We were talking about what made us work,
what our relation was to issues of censorship and freedom of speech.
I mean it was pretty humbling
and in many ways it felt absurd for me to be speaking at all
given that I was the only person on the panel who had not seen colleagues, friends and families persecuted, imprisoned, tortured or even killed in pursuit of their artistic work or simply for being there.
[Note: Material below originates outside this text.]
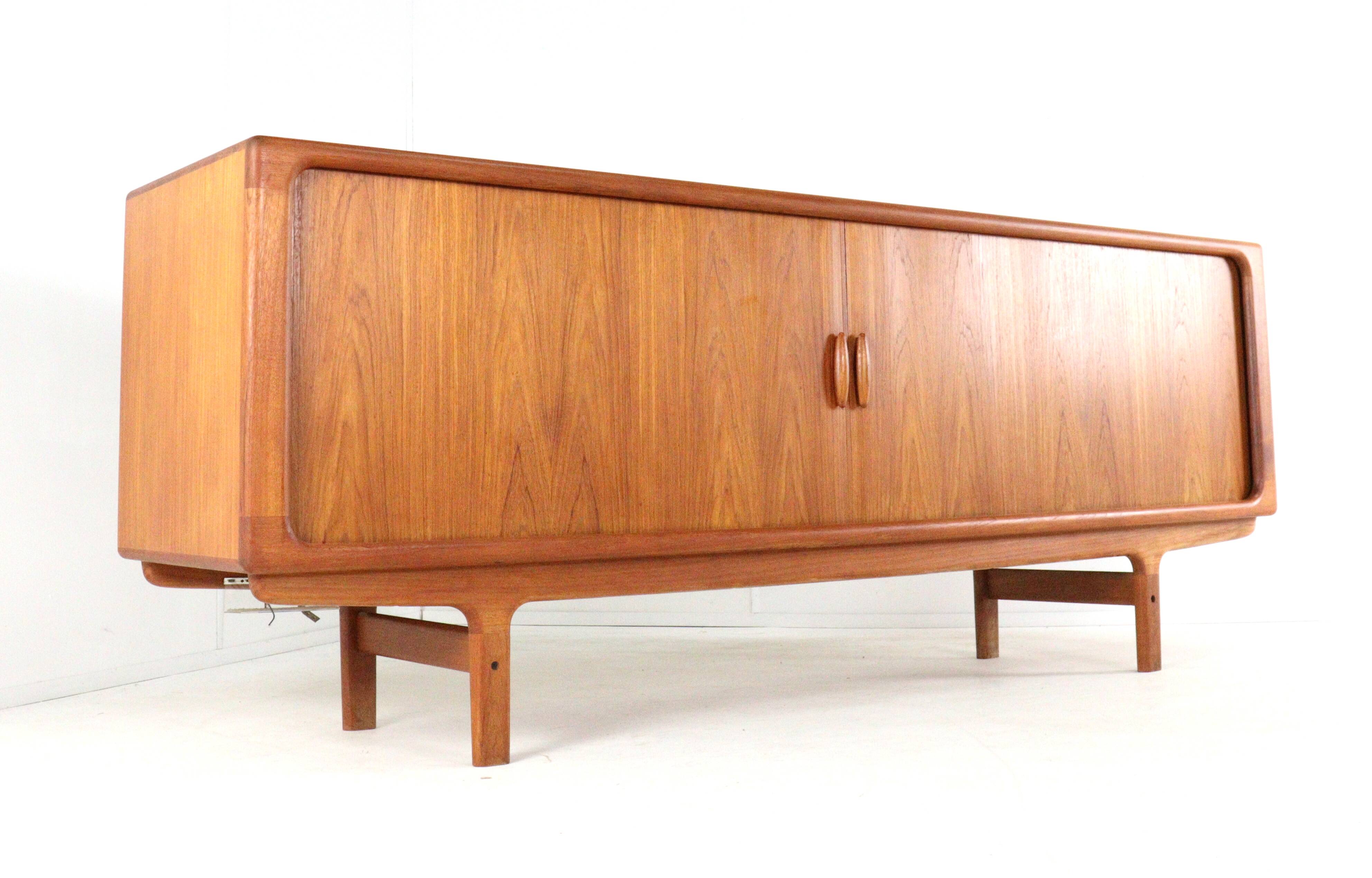 Dyrlund sideboard | 220.5 cm - fully restored danish mid century design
I can say for sure that these are not the problems I’ve faced in 27 years of making, performing, challenging and provoking in my work with Forced Entertainment… or in the role I’ve taken on recently as a professor at Sheffield University, working with students in theatre at the university.
 
But on the other hand what we spoke about this morning in London reminded me
minded me
of the importance of the space we do have in the arts
and of the limits we do have on in that space
and of the importance of staying free
and real
and live and now
 
We are – in case you hadn’t noticed – living in a space of economic downturn
neo-conservative politics
a space which offers us the dismantling and out sourcing of state functions (health, education, arts)
and in general
cuts
and with cuts a steady insistence on the importance of private sponsorship
a situation in which, little by little sponsors help to define the shape of public institutions.
 
We’re also living in a space here in Britain
where even public money is more and more focused through instrumentalist agendas, more and more focused on the delivery through arts of quantifiable outcomes.
There has been
a turn in Arts Council application process in which they are asking ‘how can you help us to deliver our vision’ – and that still shocks me, because,
I always thought
and still believe
for very good reason
that it was, is, and should be, the other way around.
 
In the broadest sense – in the world of private sponsorship and in the funded sector there is I think an attempt to make an image of the arts as a space of convivial affirmation
which is fair enough in one sense.
 
Reading the materials these days you’d know that art is about celebrating, bringing together, and affirming. You’d know that its about creative self-expression.
It’s harder somehow
to find reference to things like the fact that the arts might challenge, provoke or disturb.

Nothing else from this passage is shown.